ELMA saves 90.9 µW over int8/32 on multiplication, but loses 68.3 µW on the add. ELMA noncombinational demands are higher with additional state required (Kulisch and decoded log numbers), but could be reduced by not handling underflow all the way to f 2 min . Despite the larger Kulisch adder, effectively only 6 bits are summed (with carry) each cycle versus up to 16 with int8/32; strategies for 500+ bit Kulisch accumulators [34] might work in this small regime to further take advantage of this. Our 16-bit ELMA α = 11 p(f ) combinational LUT is 386 µm 2 despite compression, now a significant portion of the design.
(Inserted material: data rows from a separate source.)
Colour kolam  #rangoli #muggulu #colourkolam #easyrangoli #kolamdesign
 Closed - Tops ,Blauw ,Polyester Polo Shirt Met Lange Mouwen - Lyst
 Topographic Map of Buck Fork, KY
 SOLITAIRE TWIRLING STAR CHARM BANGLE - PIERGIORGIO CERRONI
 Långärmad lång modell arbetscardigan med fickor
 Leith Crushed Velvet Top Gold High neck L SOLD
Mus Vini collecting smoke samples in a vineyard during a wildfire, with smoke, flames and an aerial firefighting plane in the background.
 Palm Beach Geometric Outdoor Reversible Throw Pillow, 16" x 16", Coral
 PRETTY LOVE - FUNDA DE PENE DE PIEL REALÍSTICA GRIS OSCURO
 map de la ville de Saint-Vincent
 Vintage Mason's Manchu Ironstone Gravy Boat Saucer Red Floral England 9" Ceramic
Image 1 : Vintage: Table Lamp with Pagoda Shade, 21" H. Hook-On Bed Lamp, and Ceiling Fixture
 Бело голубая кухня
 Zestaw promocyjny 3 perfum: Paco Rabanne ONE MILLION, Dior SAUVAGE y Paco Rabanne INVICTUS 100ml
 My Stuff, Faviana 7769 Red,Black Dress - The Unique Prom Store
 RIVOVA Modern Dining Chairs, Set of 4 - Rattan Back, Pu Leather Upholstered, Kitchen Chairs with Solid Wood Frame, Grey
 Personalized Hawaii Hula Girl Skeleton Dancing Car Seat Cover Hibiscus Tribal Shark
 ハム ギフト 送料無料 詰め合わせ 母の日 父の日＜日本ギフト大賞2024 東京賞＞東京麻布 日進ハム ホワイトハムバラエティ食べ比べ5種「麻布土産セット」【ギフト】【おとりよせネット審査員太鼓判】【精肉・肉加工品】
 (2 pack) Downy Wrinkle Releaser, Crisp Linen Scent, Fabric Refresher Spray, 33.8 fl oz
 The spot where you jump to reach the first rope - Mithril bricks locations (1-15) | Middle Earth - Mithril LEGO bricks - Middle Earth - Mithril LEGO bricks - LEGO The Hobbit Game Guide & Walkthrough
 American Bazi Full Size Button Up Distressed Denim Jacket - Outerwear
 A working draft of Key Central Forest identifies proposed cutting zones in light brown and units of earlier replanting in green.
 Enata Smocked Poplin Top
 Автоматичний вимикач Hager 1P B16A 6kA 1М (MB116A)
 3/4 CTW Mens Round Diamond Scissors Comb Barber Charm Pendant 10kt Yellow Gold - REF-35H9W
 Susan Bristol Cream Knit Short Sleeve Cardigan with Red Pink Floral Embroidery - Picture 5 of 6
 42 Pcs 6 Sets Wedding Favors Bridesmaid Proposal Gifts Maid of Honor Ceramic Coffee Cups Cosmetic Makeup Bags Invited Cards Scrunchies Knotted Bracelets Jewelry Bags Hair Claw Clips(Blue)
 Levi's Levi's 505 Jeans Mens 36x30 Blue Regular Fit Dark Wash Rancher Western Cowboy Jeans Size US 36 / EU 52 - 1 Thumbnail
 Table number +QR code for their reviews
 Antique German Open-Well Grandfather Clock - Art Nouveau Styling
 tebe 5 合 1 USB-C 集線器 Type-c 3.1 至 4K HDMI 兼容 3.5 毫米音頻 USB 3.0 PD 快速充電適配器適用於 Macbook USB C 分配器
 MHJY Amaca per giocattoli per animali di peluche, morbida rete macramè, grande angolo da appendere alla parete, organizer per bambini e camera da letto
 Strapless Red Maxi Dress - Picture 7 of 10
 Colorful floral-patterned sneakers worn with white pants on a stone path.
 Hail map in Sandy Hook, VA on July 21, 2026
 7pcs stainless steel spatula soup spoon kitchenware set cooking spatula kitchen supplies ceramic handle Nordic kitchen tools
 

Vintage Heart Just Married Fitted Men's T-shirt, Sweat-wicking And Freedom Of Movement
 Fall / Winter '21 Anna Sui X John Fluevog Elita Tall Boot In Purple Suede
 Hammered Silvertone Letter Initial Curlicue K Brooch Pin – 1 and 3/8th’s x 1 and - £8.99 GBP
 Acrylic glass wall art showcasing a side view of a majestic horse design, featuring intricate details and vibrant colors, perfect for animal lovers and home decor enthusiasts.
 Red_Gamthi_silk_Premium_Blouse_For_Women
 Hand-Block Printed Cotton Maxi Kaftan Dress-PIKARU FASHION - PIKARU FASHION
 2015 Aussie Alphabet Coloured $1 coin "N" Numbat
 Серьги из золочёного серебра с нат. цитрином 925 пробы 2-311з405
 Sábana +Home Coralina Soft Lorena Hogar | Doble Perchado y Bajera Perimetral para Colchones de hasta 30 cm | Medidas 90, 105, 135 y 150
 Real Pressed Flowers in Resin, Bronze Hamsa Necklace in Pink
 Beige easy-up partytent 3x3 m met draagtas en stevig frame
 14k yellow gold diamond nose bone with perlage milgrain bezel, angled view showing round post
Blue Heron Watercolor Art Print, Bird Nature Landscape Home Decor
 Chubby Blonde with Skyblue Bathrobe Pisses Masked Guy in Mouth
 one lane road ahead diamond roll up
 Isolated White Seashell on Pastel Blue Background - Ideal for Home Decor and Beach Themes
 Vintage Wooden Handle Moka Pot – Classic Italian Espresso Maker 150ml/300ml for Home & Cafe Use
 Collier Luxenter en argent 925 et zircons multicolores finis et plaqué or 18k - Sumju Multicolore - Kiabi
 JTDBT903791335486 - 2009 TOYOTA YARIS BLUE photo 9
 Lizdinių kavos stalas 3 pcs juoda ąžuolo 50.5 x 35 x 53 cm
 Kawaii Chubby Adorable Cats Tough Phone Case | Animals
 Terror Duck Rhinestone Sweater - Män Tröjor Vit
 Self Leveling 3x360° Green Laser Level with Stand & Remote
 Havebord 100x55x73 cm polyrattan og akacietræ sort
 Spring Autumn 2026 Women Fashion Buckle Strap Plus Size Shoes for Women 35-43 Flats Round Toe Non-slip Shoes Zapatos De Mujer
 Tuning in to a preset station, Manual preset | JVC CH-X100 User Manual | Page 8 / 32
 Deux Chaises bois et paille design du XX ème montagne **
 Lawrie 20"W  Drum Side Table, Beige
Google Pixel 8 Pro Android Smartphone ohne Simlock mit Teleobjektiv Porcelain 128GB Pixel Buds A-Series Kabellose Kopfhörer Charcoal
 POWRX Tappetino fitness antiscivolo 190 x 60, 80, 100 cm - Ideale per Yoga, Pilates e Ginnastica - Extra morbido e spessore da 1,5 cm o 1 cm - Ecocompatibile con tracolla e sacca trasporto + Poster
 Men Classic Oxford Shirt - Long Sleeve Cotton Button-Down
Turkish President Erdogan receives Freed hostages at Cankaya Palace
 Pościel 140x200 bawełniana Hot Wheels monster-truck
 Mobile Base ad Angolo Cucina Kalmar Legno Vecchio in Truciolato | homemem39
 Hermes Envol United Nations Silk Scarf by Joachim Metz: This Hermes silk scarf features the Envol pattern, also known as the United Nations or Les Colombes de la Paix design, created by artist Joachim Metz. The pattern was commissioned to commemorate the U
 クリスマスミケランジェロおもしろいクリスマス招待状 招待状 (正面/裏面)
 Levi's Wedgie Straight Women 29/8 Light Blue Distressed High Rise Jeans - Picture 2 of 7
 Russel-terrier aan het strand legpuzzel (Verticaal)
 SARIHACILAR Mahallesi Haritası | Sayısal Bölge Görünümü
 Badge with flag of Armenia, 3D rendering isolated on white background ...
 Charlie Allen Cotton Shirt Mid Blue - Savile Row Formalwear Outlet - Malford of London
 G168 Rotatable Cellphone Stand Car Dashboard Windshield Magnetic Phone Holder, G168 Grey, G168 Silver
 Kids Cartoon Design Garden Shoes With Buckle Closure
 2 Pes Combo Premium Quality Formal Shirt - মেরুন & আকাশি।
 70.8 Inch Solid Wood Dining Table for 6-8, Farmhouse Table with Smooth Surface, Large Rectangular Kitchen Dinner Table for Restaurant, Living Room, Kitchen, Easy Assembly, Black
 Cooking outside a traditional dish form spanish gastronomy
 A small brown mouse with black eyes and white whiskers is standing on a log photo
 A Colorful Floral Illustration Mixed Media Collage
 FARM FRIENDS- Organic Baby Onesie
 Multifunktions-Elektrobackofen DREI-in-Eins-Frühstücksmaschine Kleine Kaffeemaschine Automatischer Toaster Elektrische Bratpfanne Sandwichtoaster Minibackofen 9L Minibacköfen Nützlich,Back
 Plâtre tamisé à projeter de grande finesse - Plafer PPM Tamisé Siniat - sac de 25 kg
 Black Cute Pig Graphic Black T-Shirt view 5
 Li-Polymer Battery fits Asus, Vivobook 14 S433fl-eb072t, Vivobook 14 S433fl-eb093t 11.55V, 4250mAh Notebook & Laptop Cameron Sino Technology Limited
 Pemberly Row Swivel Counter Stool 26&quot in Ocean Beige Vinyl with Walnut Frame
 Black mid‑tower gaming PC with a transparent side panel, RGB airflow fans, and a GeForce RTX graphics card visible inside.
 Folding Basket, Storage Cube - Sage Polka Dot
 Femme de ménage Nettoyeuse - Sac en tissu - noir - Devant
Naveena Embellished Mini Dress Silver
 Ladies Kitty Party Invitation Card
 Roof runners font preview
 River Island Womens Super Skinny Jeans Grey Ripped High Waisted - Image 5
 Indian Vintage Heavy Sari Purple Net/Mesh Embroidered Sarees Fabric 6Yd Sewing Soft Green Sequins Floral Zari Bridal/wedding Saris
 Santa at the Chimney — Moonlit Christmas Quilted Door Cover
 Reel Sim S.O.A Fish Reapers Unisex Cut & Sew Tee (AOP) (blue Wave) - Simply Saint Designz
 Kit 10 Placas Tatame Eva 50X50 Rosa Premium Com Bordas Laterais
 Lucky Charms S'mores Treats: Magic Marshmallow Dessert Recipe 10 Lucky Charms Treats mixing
Larger α likely needs a compiled ROM or explicit compute of p(f ).
A more in-depth analysis for our work would need to determine a Pareto frontier between frequency/latency, per-operation energy, area, pipeline depth, math implementation and accuracy similar to the Galal et al. FPU generator work [7] , to see precisely in what regimes ELMA is advantageous. We provide our limited analysis here, however rough, to help motivate future investigation.
Conclusions
DNNs are resilient to many forms of numerical tinkering; they allow re-evaluation of design decisions made long ago at the bottom of the hardware stack with reduced fear of failure. The design space of hardware real number representations is indeed quite large and underexplored [22] , as is as the opportunity to improve hardware efficiency and software simplicity with alternative designs and judicious use of numerical approximation. Log domain representations, posits, Kulisch accumulation and combinations such as ELMA show that floating point efficiency and applicability can be substantially improved upon. We plan on continuing investigation of this arithmetic design space at the hardware level with DNN training, and on general numerical algorithms in the future.